5.2 Evaluate the Temporal Consistent Segmentation

We compare our consistent segmentation algorithm with the state-of-art approach StreamGBH using the video segmentation performance metrics from [15]. The StreamGBH is a hierarchical video segmentation framework which is available as part of LIBSVX software library, which can be download at http://www.cse.buffalo.edu/~jcorso/r/supervoxels/. The 4 RGB-D scenes are densely labeled with semantic category by ourselves. We evaluate consistent segmentation using the undersegmentation error, boundary recall, segmentation accuracy and the explained variation. Instead of evaluating singe image metrics, these evaluation metrics are used for 3D supervoxel in the 3D space-time which is mentioned in [15].

2D and 3D Undersegmentation Error:It measures what fraction of voxels goes beyond the volume boundary of the ground-truth segment when mapping the segmentation onto it.

$$\begin{aligned} UE(g_i) = \frac{\{\sum _{\{s_j|s_j\cap g_i\ne \emptyset \}}Vol(s_j)\}-Vol(g_i)}{Vol(g_i)} \end{aligned}$$
(8)

where \(g_i\) is the ground-truth segment, \(Vol\) is the segment volume. 2D undersegmentation error is defined in the same way.

2D and 3D Segmentation Accuracy:It measures what fraction of a ground-truth segmentation is correctly classified by the supervoxel in 3D space-time. For the ground-truth segment \(g_i\), a binary label is assigned to each supervoxel \(s_j\) according to the majority part of \(s_j\) that resides inside or outside of \(g_i\).

$$\begin{aligned} ACCU(g_i) = \frac{\sum _{j=1}^k Vol(\bar{s_j} \cap g_i)}{Vol(g_i)} \end{aligned}$$
(9)

where \(\bar{s_j}\) is the set of correctly labeled supervoxels.

2D and 3D Boundary Recall:It measures the spatio-temporal boundary detection. For each segment in the ground-truth and supervoxel segmentations, we extract the within-frame and between-frame boundaries and measure recall using the standard formula as in [15].

Explained Variation:It considers the segmentation as a compression method of a video which is proposed in [10]:

$$\begin{aligned} R^2= \frac{\sum _i (\mu _i-\mu )^2}{\sum _i (x_i-\mu )^2} \end{aligned}$$
(10)

where \(x_i\) is the actual voxel value, \(\mu \) is the global voxel mean and \(\mu _i\) is the mean value of the voxels assigned to the segment that contains \(x_i\).

The detailed comparison is shown in Table 1. Our approach is obviously better than the StreamGBH method.

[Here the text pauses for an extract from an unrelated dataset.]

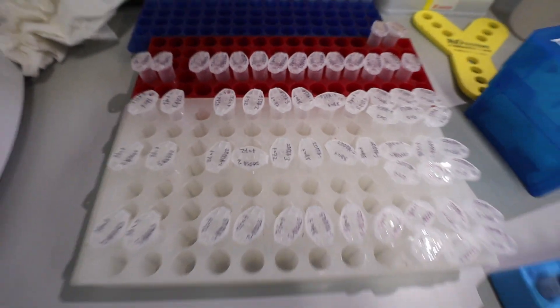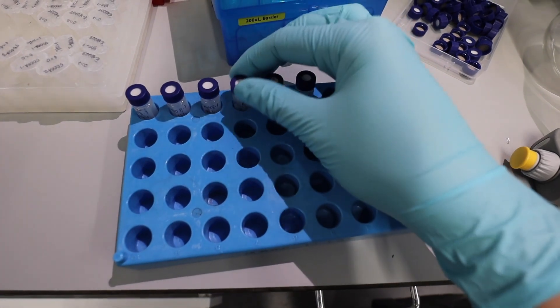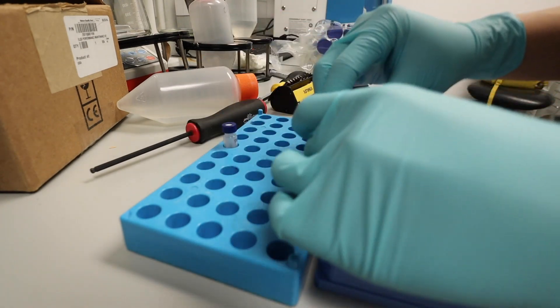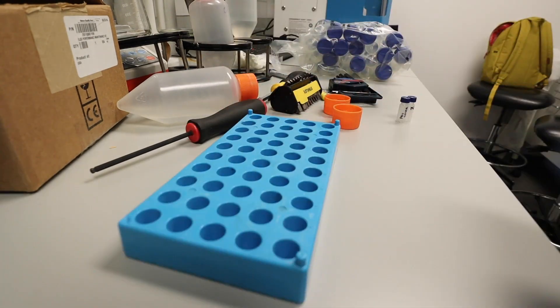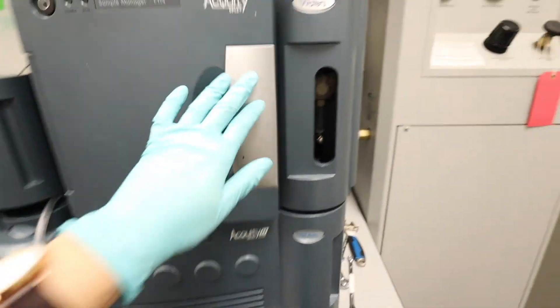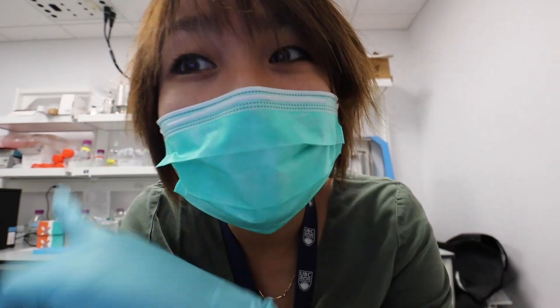So many samples. I'm just gonna run these six first at the latest time point just to check if it's actually working. Okay, so while this is running, I'm gonna go prepare the rest of the bazillion samples.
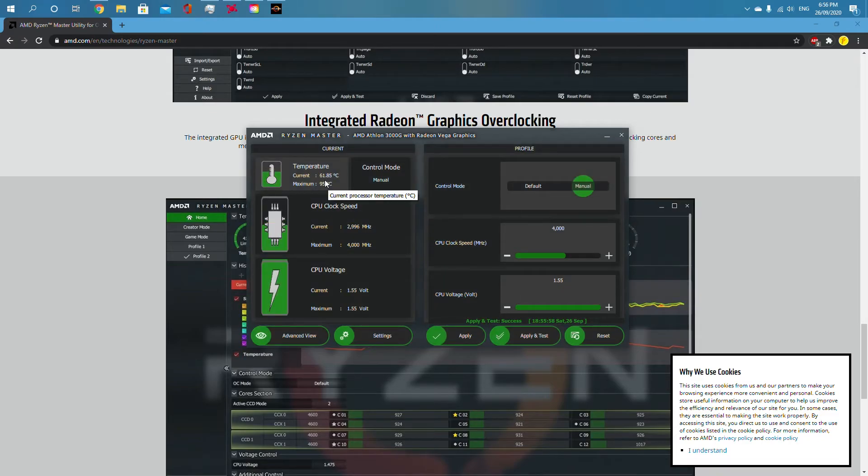My stress test has finished and it hasn't crashed. The temperature is going down now. If yours crashed, that means your CPU voltage was too low or too high, or your clock speed was too high. There are different presets you can put in, but this is one of them and I'd recommend using this.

Sometimes StreamGBH’s performance is not ideal, for example the 3D segmentation accuracy is only 0.3942 for scene 1. However the 3D accuracy in the well-known xiph.org videos for the StreamGBH is about 0.77. The main reasons of the bad performance for StreamGBH are twofold: (1) In the 2D videos, the difference or motion between neighboring frames is small. However, in the semantic mapping procedure, the neighboring frames are keyframes [7] which have a larger difference and motion. StreamGBH can not handle the large motion for neighboring frames. (2) StreamGBH only uses the color cue which is difficult to find the exact correspondence. 3D motion is more helpful and accurate for semantic mapping procedure which only camera moves and objects remain static. The visualizations for the StreamGBH and our algorithm are shown in Fig. 3.

The limit of our method is that we assume the objects in the scene remain static. If the objects move, we can not compute 3D transformation for neighboring frames, the global 3D point cloud can not be obtained, either.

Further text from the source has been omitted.